- [Data listing]:
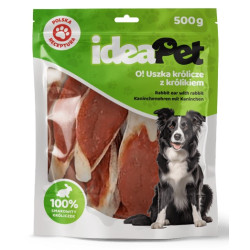 IdeaPet Uszka królicze z królikiem 500g - All4Animals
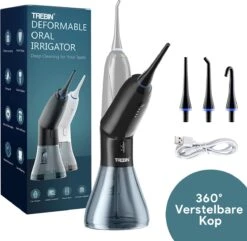 Trebin Sans Fil - Tête Pivotante 360° - Waterpik - Électrique - Rechargeable - Hydropulseur - Irrigateur Oral - 4 Positions - 3 Attachements - Réservoir 260 Ml - Zwart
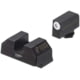Night Fision Costa Ludus Night Sight Set, Glock 17/19/34, White Front Ring, Horizontal Tritium Bar Rear, GLK-001-010-WGXG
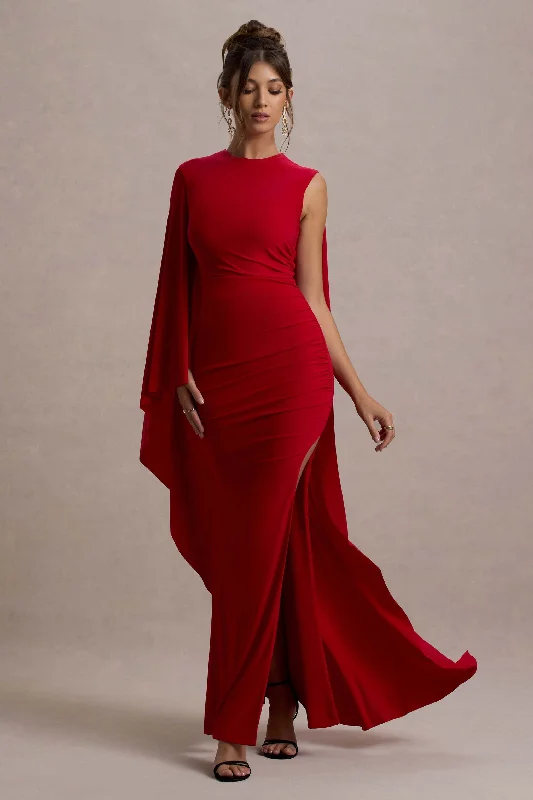 Strapless Women Dress with a Built - in Bra for Comfort and SupportYuna | Red Draped Maxi Dress With Cape Strapless Women Dress with a Built - in Bra for Comfort and SupportYuna | Red Draped Maxi Dress With Cape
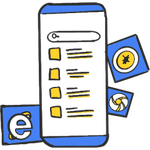 Mobile with search bar and games app section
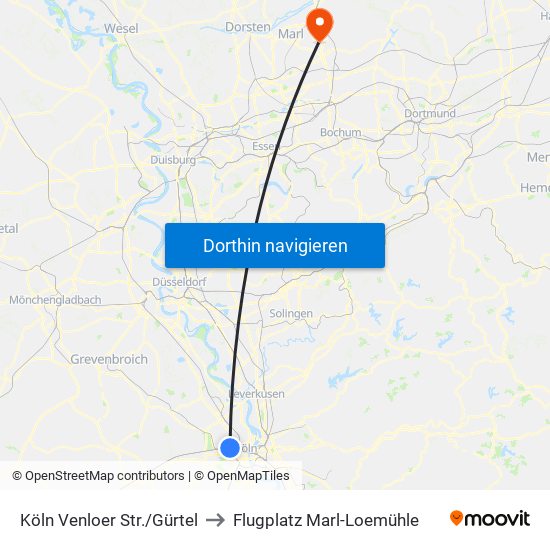 Köln Venloer Str./Gürtel to Flugplatz Marl-Loemühle map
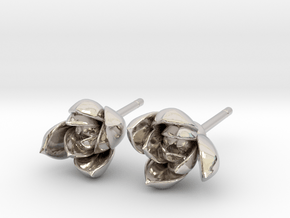 Succulent No. 1 Stud Earrings in Rhodium Plated Brass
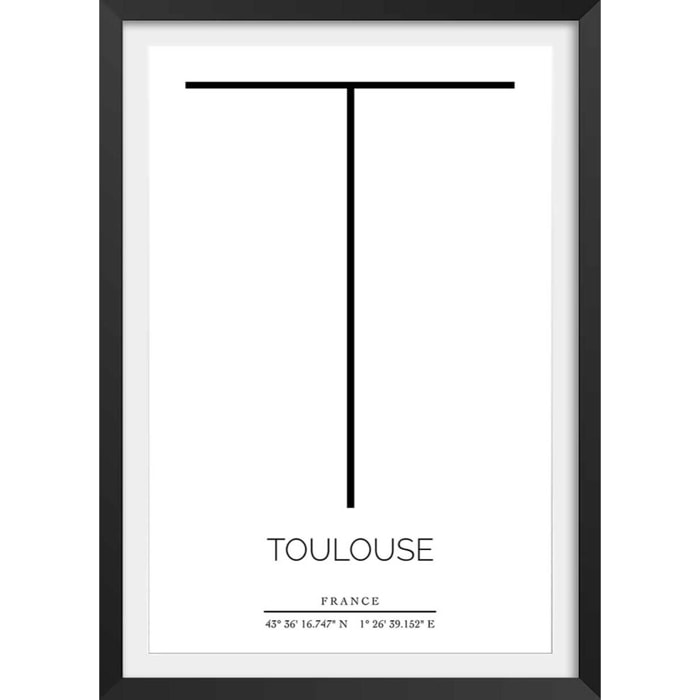 Poster t toulouse Affiche + cadre en bois - Noir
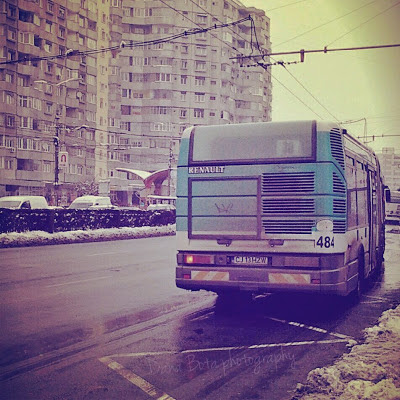 bus leaving the bus station Romania 2012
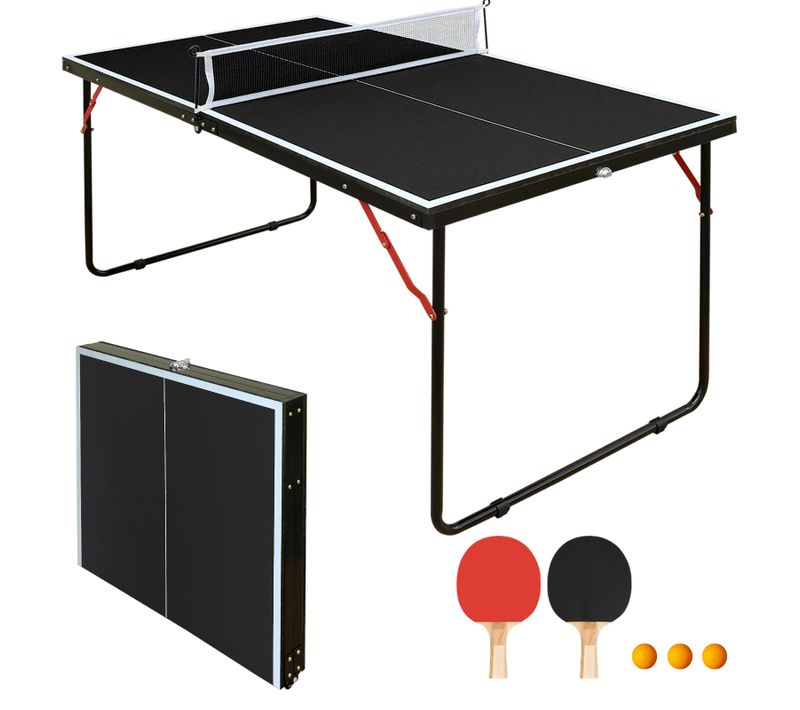 Table De Ping-pong Pliable 137 Cm En Mdf Noir, 2 Raquettes Et 3 Balles Inclus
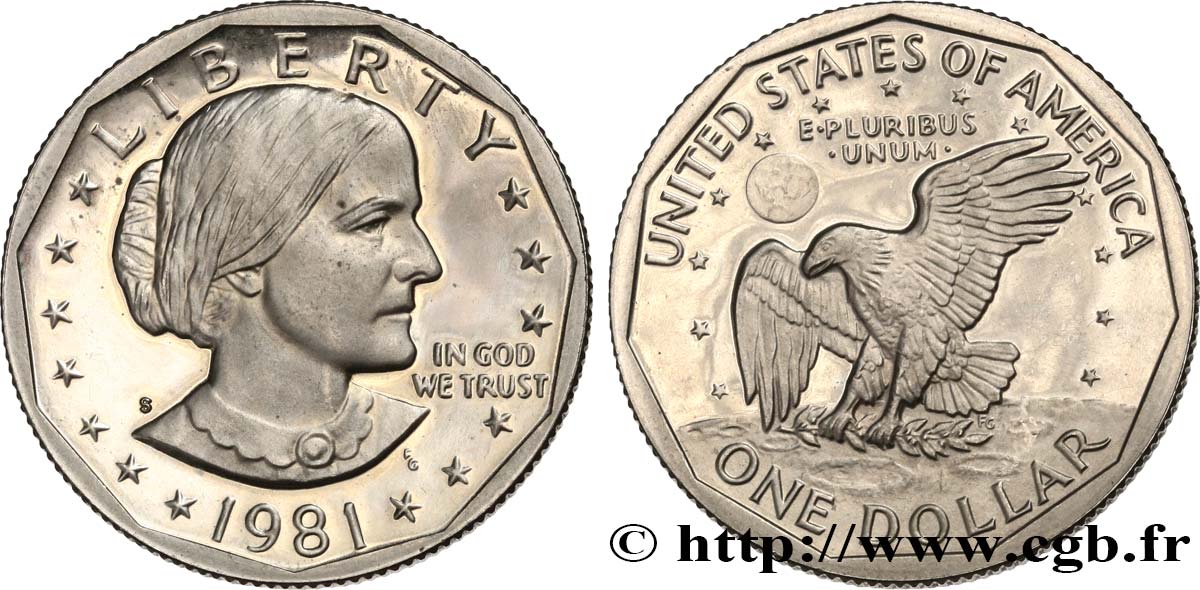 UNITED STATES OF AMERICA 1 Dollar Proof Susan B. Anthony 1981 San Francisco - S MS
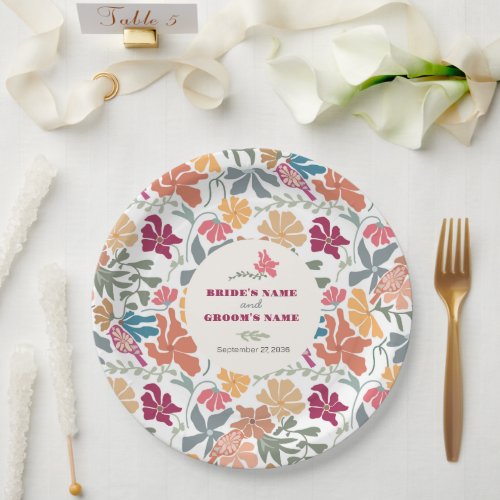 Boho Chic Floral Mid Century Retro Wedding Paper Plates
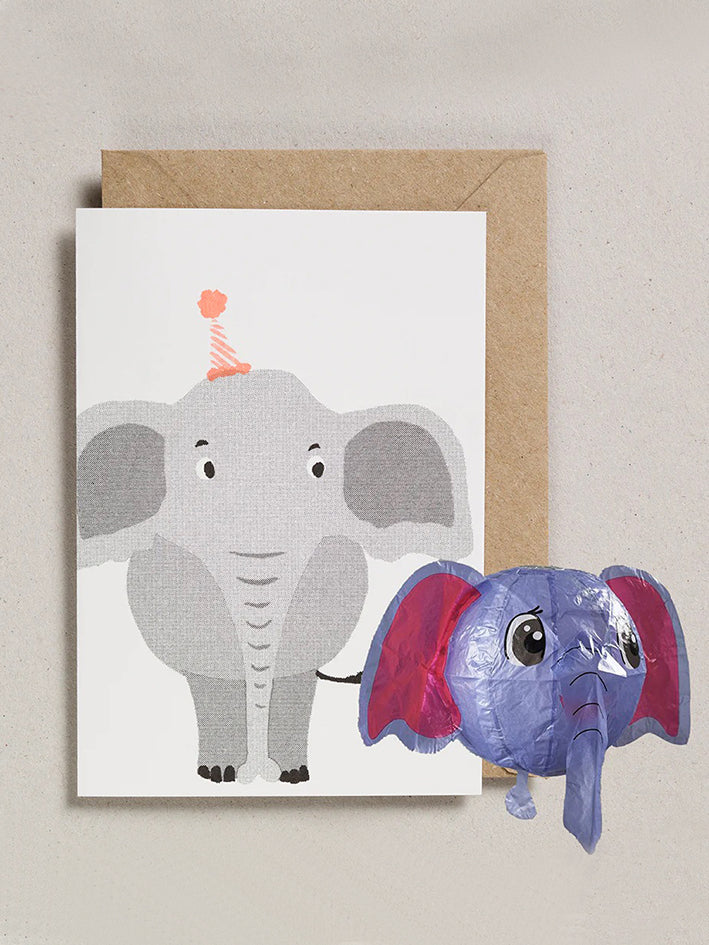 Elephant Japanese Balloon Card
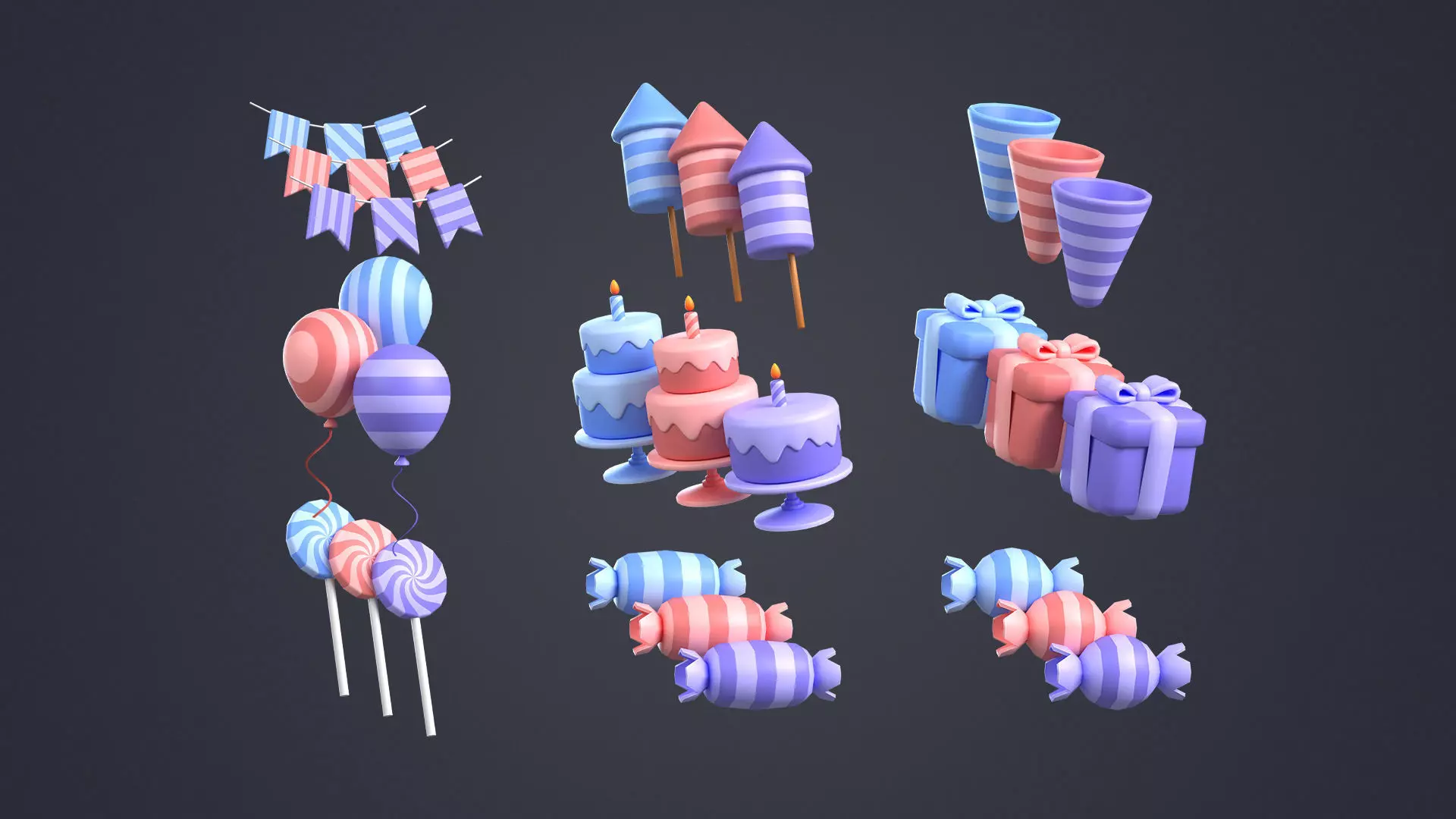 Birthday Pack Low-poly 3D model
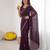 Wine georgette embroidered saree with sequins work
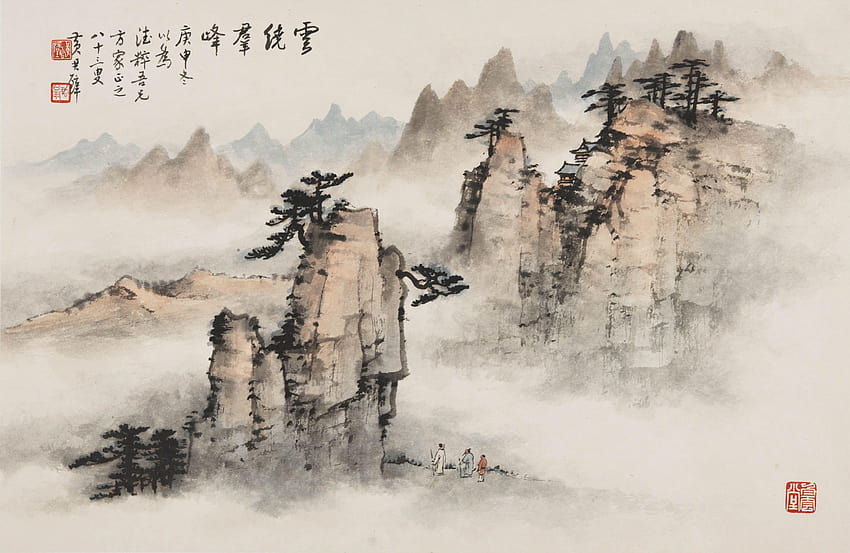 Traditionelle chinesische Malerei HD-Hintergrundbild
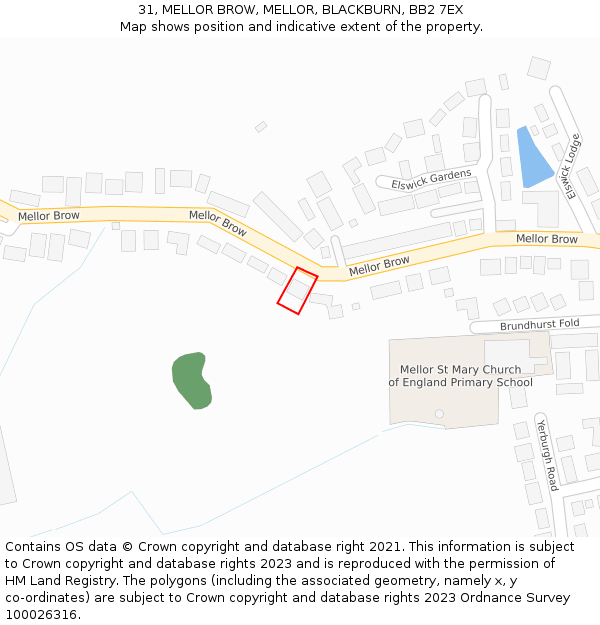 31, MELLOR BROW, MELLOR, BLACKBURN, BB2 7EX: Location map and indicative extent of plot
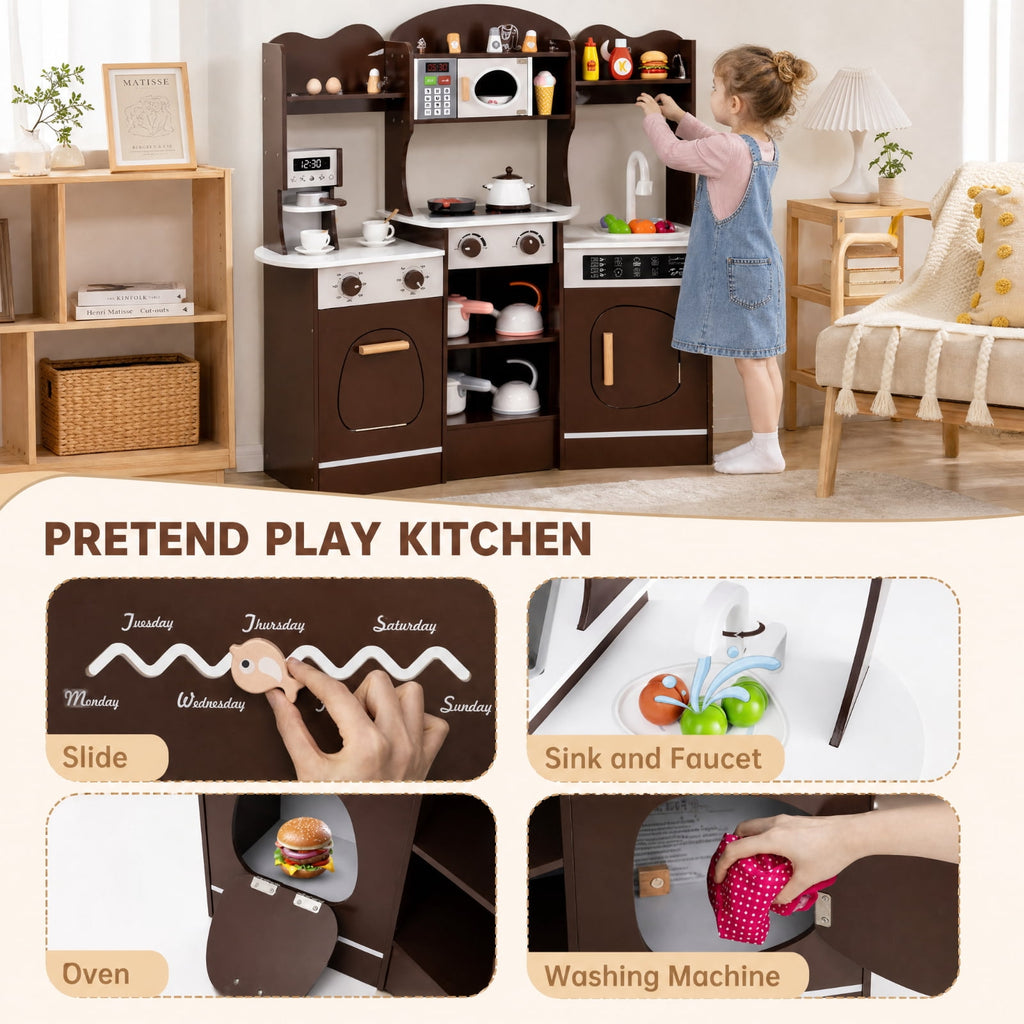 Redsmile Corner Wooden Play Kitchen Set for Kids 3+ Years, Pretend Play Kitchen with Coffee Machine, Slide, Light-Up Microwave, Stoves, Washing Machine and 20 Accessories, Brown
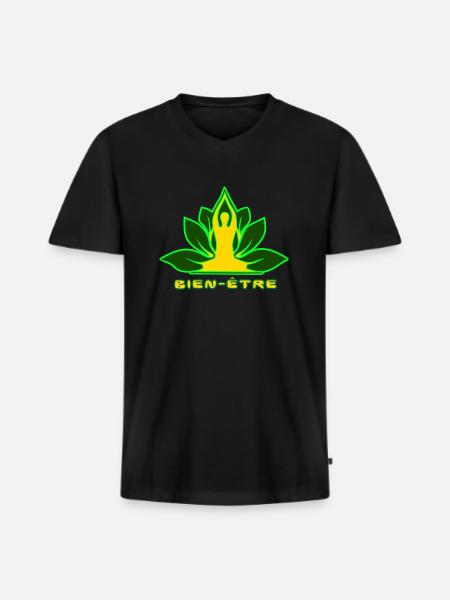 BIEN ÊTRE - T-shirt encolure en V Premium bio Homme - noir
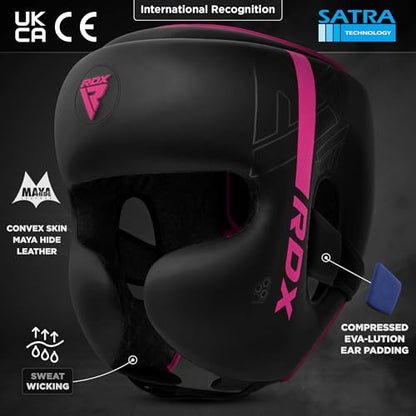 RDX Boxing Headgear, MMA Training, Adjustable Padded Kara,Muay Thai Headgear, Kickboxing, Sparring, Martial Arts, Karate, Taekwondo Helmet - color: PINK, size: X-Large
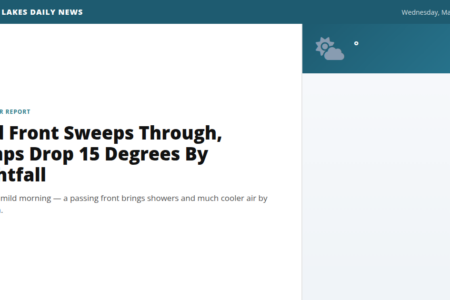 Screenshot of Finger Lakes Daily News weather report: 'Cold Front Sweeps Through, Temps Drop 15 Degrees By Nightfall'.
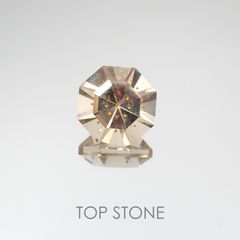◇オクタゴンカット◇ガーネットインスモーキークォーツ ブラジル産 11.28ct[210410528]13.9×14.1mm前後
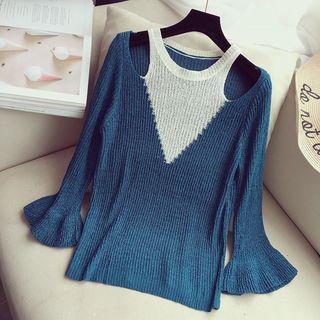 Open Shoulder Panel Long-sleeve Knit Sweater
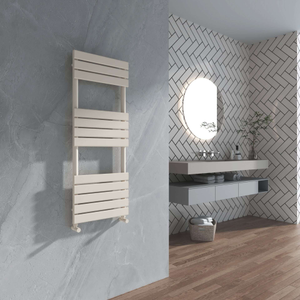 Flat Panel Heated Towel Rail – Cream – GLO Pryme - 1200x450mm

- [Your task]:
Give back exactly the lines above from the one with "Köln Venloer Str./Gürtel" through the one with "Table De Ping-pong", both included. Pictures don't belong in the copy.

- [Exercise solution]:
 Köln Venloer Str./Gürtel to Flugplatz Marl-Loemühle map
 Succulent No. 1 Stud Earrings in Rhodium Plated Brass
 Poster t toulouse Affiche + cadre en bois - Noir
 bus leaving the bus station Romania 2012
 Table De Ping-pong Pliable 137 Cm En Mdf Noir, 2 Raquettes Et 3 Balles Inclus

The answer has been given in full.